On either side of the equation, we have `fmap`

being used to obtain a `g (fo (fi a))`

result. That being so, any `fo (fi a)`

value that, thanks to `fmap`

, shows up in the left-hand side must also show up in the right-hand side. More precisely, given any `p :: g a -> a`

drawn from `chartDist`

on the left-hand side, there must be some `q :: g (fi a) -> fi a`

drawn from the `chartDist`

on the right hand side such that…

`fmap p <$> getCompose m = q . distribute <$> getCompose m`

… and vice versa. That allows us to reason about `p`

and `q`

, which amount to the extractors drawn from `chartDist`

we are interested in.

As neither `p`

nor `q`

involve `fo`

, and the equation must hold for all choices of `fo`

, we can freely consider the case in which it is `Identity`

, or anything else that has an injective `fmap`

. If `fmap`

is injective, the equation further simplifies to:

`fmap p = q . distribute`

Now, `fmap p :: fi (g a) -> fi a`

cannot affect the `fi`

shape; therefore, the same holds for `q . distribute :: fi (g a) -> fi a`

. `distribute :: fi (g a) -> g (fi a)`

is natural in `fi`

, and so it, too, can’t affect the `fi`

shape.
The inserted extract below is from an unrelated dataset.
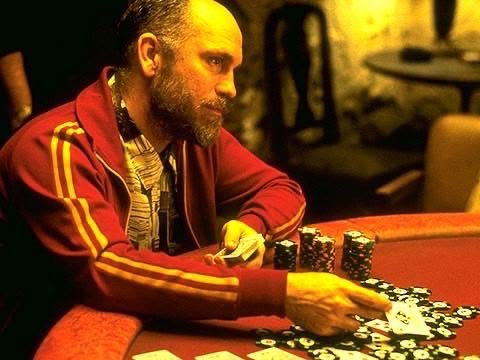 A man in a red track jacket sits at a poker table covered in chips and playing cards, holding his cards thoughtfully.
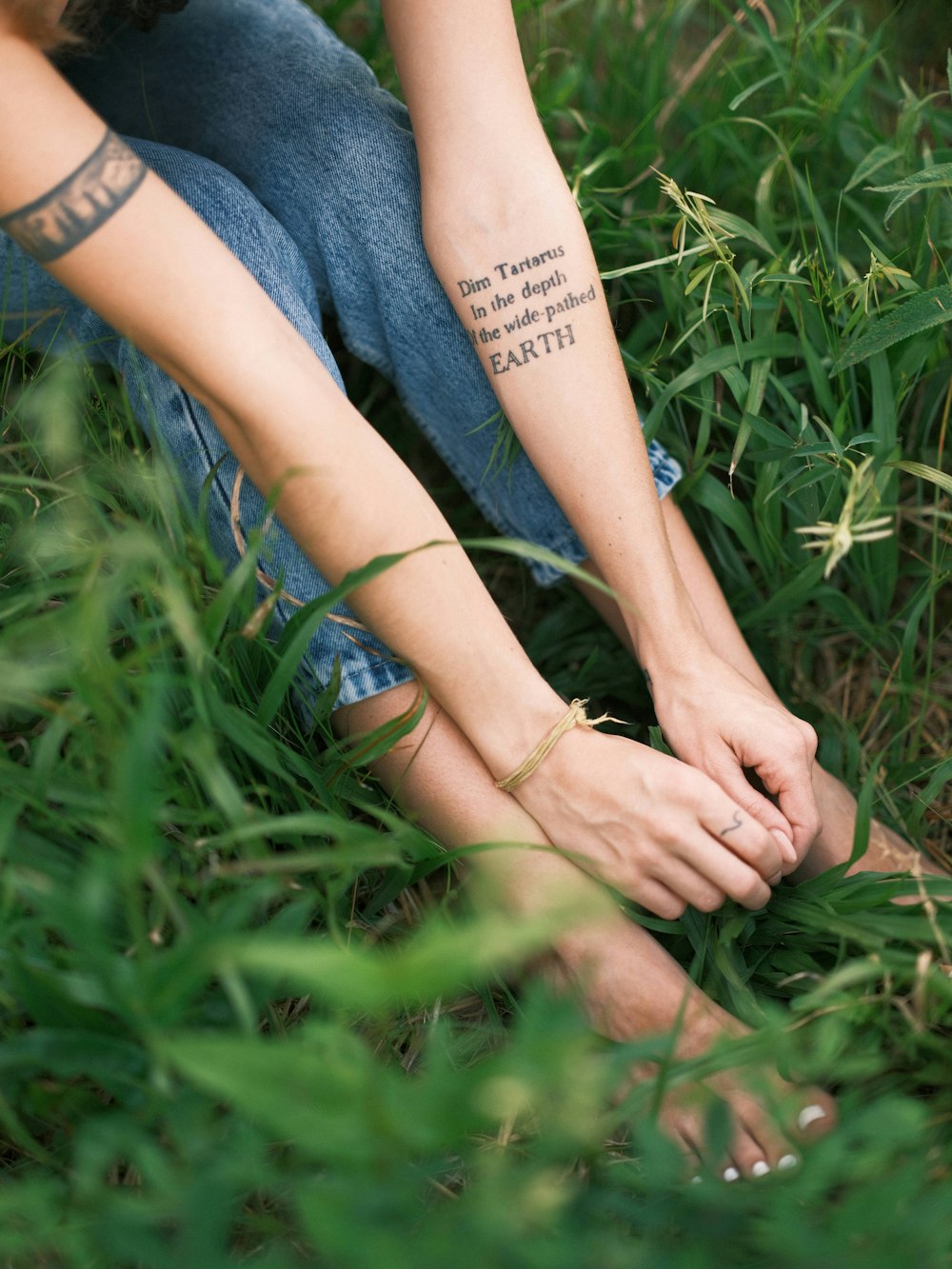 a woman with a tattoo on her arm sitting in the grass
It follows that `q :: g (fi a) -> fi a`

is also unable to affect the `fi`

shape.

Zooming back out, we have just established that, if the composition law holds, `chartDist :: g (g (fi a) -> fi a)`

only provides extractors that preserve the `fi`

shape. `chartDist`

, however, is defined as `distribute id :: forall b. g (g b -> b)`

, which is fully polymorphic on the element type `b`

. That being so, if there is a way for `distribute id`

to somehow produce non-natural extractors, it cannot possibly rely in any way about the specifics of `b`

. That, in particular, rules out any means of, given `b ~ fi a`

for some functor `fi`

, producing just non-natural extractors that preserve the `fi`

shape: such a distinction cannot be expressed. We must conclude, therefore, that if the composition law holds `chartDist`

can only provide natural extractors, as we hoped to show.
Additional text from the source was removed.